Public consultations on enhancing retirement security led by the Ministry of Innovation, Science and Economic Development Canada closed in late 2018. Given the importance and complexity of the subject matter, the one-month consultation period offered by the government was curiously short. Given that 2019 is an election year, the quick completion of the process could suggest that the federal government anticipated the direction in which it would proceed with any legislation.



Earlier in 2018 legislation was introduced in the Senate by Liberal Senator Art Eggleton to, among other things, amend the Bankruptcy and Insolvency Act (“BIA”) and the Companies’ Creditors Arrangement Act (“CCAA”) to ensure that unfunded liabilities or solvency deficiencies of pensions would be granted priority in the event of bankruptcy proceedings. Although it seems unlikely that a bill introduced in the Senate will proceed, could this be an indication of the view of the government on the subject?
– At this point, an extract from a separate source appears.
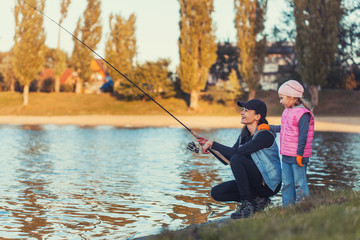 mother and daughter are fishing on the lake.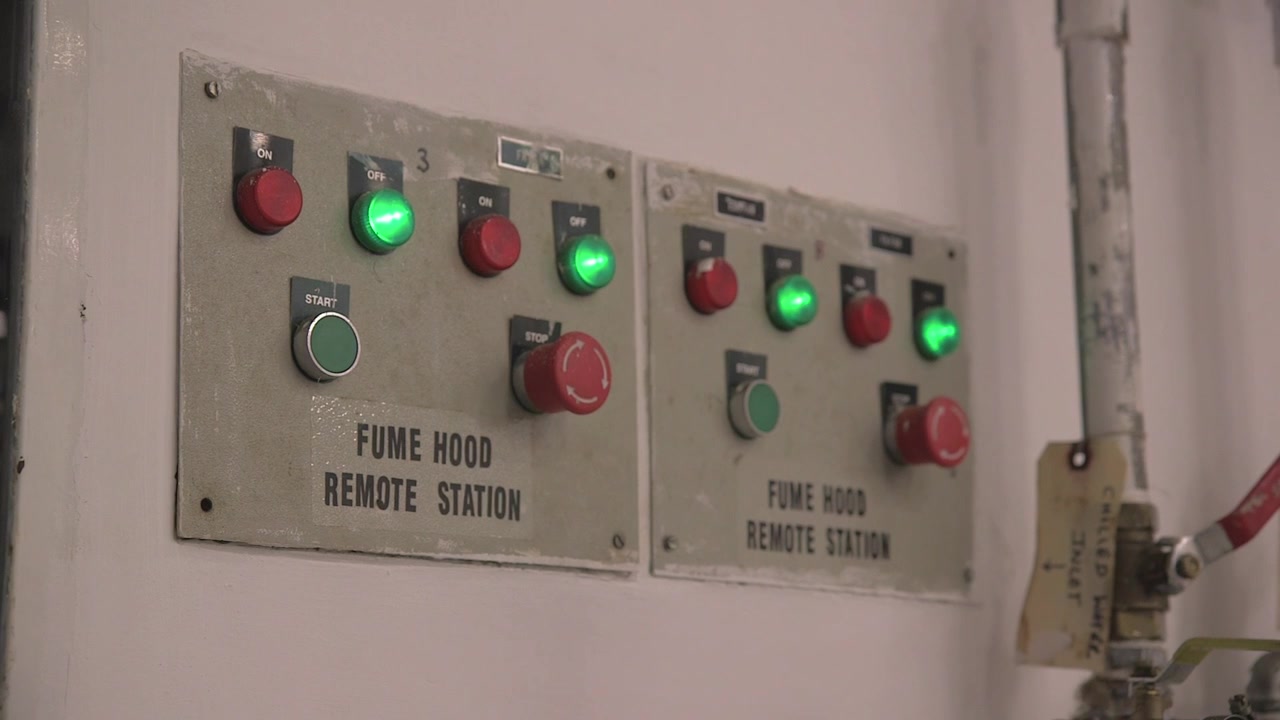 Pannello di controllo della stazione remota della cappa aspirante all'interno di un laboratorio, con interruttori illuminati e pulsanti di arresto di emergenza su un'unità a parete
The Ministry’s consultation document contains a backgrounder as to the current landscape of pensions in Canada. While describing that our retirement income system is strong, it notes falling defined benefit plan membership and pressures on employment-based pension plans due to demographic trends and economic factors. Current legislative protections are described as adequate and the 2008-2009 BIA and CCAA amendments to protect outstanding pensions and wages up to $2000 ahead of secured creditors are highlighted. A 2014-2015 review of this legislation is also noted as having failed to reach consensus due to concerns about shifting pension losses to other creditors.

Having recapped this background, among other governance items, the Ministry asked for comments and views on previously-provided proposals, such as amending insolvency legislation to ensure that unfunded pension liabilities are paid ahead of the claims of secured creditors and that employee claims for the termination of employee benefits are paid before secured creditor claims. The request for comments noted this as the “starting point”. In response, the Pension Investment Association of Canada issued a strongly worded statement in opposition to further enhanced super-priorities for pension liabilities as having negative effects on the availability of credit for companies that sponsor defined benefit plans.

In addition the consultation document mentions the possibility of amendments to the CCAA that would allow for enhanced protection of pensioner interests. These could include, the document suggests, increase participation for pensioner and employer groups by limiting the scope of initial CCAA orders, requiring creditors to disclose their real economic interest and imposing good faith duties on all parties.

In light of the Sears insolvency, the tenor of the backgrounder and the short consultation process, it is not unreasonable to predict the introduction of legislation that trends further along the lines of the 2008-2009 amendments in terms of limiting secured claim priority when pension unfunded liabilities and wage shortfalls exist.